• **EXERCISE INSTRUCTIONS**: Take each line of the entries below that contains "Image" and copy it.

++++ INPUT DATA ++++

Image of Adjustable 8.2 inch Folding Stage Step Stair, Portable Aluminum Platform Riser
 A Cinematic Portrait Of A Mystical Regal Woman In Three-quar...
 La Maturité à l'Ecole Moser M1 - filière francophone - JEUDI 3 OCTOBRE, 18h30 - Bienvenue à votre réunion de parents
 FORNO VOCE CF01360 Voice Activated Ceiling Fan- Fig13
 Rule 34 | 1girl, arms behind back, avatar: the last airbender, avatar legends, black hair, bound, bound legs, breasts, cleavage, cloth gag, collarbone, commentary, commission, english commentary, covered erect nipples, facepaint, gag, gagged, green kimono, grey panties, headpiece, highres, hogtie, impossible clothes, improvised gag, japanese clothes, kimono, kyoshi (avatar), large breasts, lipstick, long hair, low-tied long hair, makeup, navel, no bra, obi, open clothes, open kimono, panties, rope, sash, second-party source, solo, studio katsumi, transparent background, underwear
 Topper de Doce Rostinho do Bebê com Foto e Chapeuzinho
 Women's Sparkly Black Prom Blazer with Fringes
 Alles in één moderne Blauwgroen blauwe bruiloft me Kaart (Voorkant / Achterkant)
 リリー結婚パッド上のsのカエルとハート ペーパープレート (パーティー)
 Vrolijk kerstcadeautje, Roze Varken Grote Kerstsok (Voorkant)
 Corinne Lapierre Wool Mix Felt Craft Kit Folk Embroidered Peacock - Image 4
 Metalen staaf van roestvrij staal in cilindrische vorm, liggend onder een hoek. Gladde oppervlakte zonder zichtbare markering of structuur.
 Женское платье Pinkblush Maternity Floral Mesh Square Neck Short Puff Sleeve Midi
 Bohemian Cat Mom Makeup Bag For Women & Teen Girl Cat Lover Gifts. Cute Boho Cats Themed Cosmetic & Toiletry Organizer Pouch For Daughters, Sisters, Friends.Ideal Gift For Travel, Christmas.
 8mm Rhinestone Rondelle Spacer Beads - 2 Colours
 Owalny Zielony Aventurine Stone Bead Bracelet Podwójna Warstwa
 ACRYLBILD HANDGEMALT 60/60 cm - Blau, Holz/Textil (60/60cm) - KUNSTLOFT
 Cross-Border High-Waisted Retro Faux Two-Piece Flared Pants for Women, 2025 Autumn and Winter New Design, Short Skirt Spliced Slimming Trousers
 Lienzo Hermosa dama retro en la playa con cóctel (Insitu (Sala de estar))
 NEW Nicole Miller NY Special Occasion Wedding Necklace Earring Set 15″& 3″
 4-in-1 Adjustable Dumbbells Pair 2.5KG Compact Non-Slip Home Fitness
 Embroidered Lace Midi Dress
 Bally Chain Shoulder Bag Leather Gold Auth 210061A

++++

• **TASK SOLUTION**:
Image of Adjustable 8.2 inch Folding Stage Step Stair, Portable Aluminum Platform Riser
 Corinne Lapierre Wool Mix Felt Craft Kit Folk Embroidered Peacock - Image 4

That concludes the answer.